Top of EXCERPTED DATA
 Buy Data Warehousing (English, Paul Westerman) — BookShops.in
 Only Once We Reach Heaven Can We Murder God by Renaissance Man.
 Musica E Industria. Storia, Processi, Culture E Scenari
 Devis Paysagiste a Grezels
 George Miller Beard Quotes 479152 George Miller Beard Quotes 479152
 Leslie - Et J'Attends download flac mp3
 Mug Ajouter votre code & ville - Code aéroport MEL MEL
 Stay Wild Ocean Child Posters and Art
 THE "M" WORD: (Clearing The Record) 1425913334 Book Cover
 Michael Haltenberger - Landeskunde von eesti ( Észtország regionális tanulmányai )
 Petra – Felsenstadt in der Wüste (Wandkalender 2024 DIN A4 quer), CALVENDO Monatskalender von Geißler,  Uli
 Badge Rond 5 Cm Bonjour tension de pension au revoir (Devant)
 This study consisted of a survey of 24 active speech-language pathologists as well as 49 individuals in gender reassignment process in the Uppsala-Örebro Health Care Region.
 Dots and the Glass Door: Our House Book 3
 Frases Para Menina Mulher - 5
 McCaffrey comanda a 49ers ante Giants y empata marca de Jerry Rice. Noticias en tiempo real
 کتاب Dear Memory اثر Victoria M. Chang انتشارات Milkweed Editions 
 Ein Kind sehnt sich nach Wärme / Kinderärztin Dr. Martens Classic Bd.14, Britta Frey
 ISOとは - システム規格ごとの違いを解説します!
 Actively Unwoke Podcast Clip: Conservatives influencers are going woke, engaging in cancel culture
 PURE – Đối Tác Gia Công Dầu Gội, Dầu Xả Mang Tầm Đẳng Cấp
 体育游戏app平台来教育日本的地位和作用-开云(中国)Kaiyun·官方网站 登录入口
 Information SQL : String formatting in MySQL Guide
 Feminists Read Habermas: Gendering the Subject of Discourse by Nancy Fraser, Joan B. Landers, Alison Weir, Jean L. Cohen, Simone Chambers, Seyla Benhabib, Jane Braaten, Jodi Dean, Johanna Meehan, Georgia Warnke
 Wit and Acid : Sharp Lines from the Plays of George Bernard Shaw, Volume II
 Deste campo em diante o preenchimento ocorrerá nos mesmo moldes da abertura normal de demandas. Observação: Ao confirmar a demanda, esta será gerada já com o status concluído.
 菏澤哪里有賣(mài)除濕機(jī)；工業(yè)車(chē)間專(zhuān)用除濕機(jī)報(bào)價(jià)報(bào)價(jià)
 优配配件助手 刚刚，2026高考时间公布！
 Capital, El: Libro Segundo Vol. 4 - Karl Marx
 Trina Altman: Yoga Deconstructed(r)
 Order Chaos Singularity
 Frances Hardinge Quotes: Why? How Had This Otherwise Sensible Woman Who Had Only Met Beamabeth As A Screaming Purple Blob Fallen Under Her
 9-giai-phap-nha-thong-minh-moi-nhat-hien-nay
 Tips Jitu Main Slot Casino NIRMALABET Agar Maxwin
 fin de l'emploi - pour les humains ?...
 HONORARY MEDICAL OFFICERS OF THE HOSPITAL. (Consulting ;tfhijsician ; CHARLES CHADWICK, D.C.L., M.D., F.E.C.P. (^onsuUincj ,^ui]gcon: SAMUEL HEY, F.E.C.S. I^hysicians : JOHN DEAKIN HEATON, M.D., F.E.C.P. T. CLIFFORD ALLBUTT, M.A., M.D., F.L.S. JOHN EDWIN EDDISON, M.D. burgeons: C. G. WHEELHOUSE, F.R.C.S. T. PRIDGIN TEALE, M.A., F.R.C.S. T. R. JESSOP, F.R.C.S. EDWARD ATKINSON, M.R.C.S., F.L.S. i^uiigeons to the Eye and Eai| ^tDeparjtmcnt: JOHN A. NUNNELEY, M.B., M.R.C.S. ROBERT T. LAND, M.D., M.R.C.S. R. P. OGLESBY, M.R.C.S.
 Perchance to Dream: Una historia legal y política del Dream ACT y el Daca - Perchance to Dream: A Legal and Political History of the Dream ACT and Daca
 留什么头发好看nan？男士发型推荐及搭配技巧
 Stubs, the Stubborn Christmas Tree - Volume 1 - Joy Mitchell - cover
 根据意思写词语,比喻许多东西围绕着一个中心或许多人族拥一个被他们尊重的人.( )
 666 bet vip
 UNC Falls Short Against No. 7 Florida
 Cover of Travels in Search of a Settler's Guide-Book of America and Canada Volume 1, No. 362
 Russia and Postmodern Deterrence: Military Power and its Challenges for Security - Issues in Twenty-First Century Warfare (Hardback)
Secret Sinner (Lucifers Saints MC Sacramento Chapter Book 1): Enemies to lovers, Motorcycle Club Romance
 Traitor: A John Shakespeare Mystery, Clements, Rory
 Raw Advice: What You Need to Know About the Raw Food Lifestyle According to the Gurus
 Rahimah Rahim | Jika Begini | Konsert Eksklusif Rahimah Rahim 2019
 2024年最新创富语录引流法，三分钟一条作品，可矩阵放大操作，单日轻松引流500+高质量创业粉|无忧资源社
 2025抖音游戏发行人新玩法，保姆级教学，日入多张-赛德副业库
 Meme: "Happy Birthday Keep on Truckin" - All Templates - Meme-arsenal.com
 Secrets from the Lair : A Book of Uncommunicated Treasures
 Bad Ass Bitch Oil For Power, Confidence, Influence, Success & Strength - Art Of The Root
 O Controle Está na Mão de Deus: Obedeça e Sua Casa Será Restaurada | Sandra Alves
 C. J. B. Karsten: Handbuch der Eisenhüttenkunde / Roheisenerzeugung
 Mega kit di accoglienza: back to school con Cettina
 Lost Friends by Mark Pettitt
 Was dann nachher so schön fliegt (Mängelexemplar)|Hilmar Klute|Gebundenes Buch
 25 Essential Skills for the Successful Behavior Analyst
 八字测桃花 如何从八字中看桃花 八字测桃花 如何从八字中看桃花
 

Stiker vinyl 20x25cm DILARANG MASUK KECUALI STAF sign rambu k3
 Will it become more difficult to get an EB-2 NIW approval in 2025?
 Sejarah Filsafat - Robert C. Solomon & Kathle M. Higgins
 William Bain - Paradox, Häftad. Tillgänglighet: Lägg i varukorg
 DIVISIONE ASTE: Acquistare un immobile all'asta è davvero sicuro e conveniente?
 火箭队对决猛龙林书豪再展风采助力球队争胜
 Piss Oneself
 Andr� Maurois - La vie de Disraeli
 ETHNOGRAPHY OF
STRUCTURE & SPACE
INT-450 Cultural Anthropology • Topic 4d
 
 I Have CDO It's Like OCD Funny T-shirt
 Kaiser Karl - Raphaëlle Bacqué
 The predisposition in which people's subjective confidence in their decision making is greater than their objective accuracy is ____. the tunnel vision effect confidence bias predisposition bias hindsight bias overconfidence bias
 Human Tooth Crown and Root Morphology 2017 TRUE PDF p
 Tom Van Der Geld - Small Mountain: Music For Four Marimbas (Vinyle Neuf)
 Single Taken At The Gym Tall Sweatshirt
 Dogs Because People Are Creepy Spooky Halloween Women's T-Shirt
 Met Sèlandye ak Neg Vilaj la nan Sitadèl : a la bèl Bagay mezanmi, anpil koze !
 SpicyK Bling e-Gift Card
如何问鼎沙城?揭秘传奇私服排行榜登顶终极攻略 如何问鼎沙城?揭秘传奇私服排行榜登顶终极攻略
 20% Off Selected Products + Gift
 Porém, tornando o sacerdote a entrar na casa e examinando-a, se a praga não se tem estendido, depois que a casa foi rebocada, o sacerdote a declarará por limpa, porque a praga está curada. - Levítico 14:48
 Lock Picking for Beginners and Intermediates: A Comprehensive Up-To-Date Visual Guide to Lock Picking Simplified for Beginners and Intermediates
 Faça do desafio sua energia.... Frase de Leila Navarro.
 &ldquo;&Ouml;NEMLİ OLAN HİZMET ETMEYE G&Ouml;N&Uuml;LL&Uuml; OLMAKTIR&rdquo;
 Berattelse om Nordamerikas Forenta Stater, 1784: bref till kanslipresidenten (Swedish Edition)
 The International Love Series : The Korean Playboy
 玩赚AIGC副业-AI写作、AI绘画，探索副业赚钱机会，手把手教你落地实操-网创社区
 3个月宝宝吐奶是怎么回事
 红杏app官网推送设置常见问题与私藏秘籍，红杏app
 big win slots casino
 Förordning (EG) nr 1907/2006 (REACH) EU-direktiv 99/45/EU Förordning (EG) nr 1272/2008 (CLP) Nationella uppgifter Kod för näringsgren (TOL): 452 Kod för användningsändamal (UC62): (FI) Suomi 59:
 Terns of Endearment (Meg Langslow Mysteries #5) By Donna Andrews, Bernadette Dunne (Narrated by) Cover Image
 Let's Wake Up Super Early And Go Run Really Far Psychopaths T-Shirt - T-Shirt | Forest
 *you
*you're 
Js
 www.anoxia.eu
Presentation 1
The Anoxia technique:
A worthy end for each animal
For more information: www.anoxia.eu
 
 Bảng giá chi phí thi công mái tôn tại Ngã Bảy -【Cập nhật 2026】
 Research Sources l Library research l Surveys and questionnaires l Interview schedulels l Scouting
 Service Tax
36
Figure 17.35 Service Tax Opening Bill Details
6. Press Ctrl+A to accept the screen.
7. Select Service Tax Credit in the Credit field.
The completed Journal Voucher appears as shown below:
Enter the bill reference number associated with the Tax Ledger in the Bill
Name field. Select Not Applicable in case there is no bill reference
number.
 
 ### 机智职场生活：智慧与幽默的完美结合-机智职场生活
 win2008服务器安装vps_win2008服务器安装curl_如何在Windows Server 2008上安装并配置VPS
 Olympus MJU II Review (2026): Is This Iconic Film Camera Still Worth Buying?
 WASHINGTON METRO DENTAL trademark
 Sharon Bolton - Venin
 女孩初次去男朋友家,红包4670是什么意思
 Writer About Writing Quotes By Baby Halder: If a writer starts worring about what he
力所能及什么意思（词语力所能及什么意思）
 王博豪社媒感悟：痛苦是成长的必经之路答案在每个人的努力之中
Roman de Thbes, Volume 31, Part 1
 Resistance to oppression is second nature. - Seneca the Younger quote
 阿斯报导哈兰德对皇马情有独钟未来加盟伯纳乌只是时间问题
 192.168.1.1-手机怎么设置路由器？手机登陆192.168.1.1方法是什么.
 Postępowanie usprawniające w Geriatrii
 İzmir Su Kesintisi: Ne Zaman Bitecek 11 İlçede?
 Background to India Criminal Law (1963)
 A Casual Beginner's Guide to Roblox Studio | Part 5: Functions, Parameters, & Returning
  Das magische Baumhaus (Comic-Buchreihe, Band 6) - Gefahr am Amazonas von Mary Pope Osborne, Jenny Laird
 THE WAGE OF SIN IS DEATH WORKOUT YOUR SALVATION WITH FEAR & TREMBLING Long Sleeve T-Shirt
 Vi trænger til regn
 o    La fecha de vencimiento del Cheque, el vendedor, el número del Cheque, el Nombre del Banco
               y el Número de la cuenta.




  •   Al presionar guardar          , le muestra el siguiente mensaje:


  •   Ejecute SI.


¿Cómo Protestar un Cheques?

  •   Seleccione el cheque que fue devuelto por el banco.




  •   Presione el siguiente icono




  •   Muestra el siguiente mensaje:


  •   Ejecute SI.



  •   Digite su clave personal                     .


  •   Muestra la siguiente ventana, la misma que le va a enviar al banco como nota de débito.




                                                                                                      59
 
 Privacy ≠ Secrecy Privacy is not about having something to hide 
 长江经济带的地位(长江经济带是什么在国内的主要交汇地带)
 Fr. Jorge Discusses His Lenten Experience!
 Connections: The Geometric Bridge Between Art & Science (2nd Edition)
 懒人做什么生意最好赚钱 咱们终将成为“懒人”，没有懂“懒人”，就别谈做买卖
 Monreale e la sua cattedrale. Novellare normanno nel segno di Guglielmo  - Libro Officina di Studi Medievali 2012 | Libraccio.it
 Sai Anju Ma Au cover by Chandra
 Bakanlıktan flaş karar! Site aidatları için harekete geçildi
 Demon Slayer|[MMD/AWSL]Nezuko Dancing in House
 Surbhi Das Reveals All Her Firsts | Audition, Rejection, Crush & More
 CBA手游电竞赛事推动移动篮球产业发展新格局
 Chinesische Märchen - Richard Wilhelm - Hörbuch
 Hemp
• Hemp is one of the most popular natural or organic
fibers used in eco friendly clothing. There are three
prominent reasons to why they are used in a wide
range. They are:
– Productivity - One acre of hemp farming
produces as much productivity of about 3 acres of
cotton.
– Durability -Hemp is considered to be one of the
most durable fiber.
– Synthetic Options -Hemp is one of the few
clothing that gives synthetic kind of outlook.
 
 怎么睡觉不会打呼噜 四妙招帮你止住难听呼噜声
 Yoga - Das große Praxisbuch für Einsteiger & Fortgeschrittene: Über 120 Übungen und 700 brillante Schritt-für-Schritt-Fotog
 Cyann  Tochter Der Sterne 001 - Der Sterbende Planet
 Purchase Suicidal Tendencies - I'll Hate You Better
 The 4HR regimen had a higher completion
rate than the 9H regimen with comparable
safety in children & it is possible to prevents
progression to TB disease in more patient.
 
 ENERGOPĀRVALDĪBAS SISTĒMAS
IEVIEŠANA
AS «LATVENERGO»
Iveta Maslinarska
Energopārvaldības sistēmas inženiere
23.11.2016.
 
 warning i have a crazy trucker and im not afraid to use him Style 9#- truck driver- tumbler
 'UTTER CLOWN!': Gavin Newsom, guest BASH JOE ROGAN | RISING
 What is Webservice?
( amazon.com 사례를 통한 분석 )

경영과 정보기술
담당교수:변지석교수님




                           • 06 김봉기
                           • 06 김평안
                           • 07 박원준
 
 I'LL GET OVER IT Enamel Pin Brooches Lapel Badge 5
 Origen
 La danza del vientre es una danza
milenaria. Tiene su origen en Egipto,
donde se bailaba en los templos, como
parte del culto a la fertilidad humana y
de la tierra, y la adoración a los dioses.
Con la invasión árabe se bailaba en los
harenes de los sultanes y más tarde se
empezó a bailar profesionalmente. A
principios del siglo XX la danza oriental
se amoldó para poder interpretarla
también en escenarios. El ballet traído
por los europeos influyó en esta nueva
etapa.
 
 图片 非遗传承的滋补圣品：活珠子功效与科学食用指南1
Bottom of EXCERPTED DATA
**PROMPT:** Retype only this portion of the data above: the line containing "Bảng giá chi", the line containing "Figure 17.35 Service Tax Opening Bill Details", and all lines between them, exactly.

**EXERCISE RESPONSE:**
 Bảng giá chi phí thi công mái tôn tại Ngã Bảy -【Cập nhật 2026】
 Research Sources l Library research l Surveys and questionnaires l Interview schedulels l Scouting
 Service Tax
36
Figure 17.35 Service Tax Opening Bill Details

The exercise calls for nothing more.